* _What you should do_:
Reproduce only this stretch of the listing below: from the line with "Científicos descubren nuevo" through the line with "BRD BUND DS", exactly as written, with pictures excluded.

* _Recorded information_:
----------

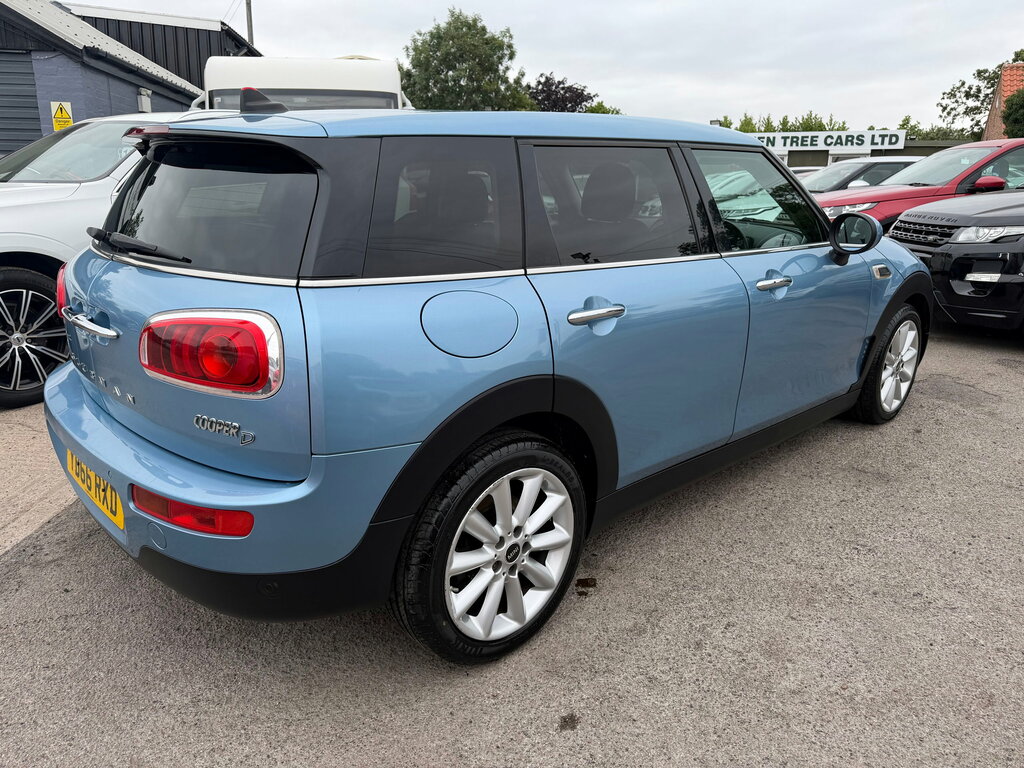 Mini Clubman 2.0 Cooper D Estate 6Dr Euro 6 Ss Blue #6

----------

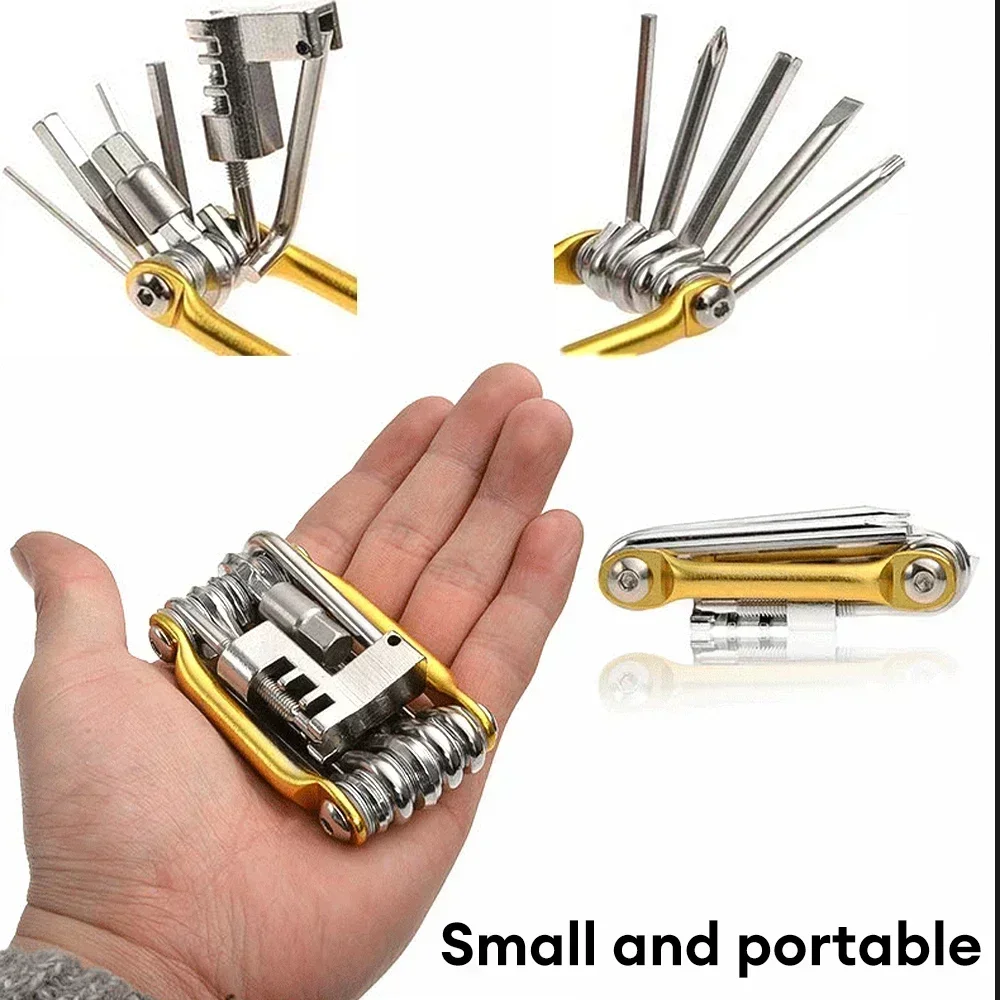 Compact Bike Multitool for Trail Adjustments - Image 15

----------

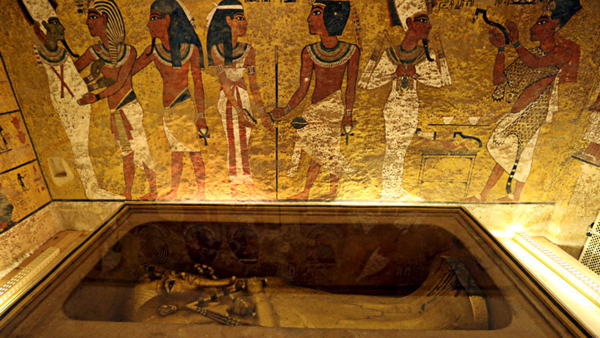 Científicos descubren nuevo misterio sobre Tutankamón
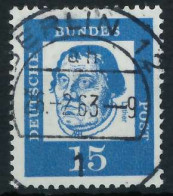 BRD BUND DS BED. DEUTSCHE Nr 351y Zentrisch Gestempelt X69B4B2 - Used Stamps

----------

* _Answer to this exercise_:
 Científicos descubren nuevo misterio sobre Tutankamón
 BRD BUND DS BED. DEUTSCHE Nr 351y Zentrisch Gestempelt X69B4B2 - Used Stamps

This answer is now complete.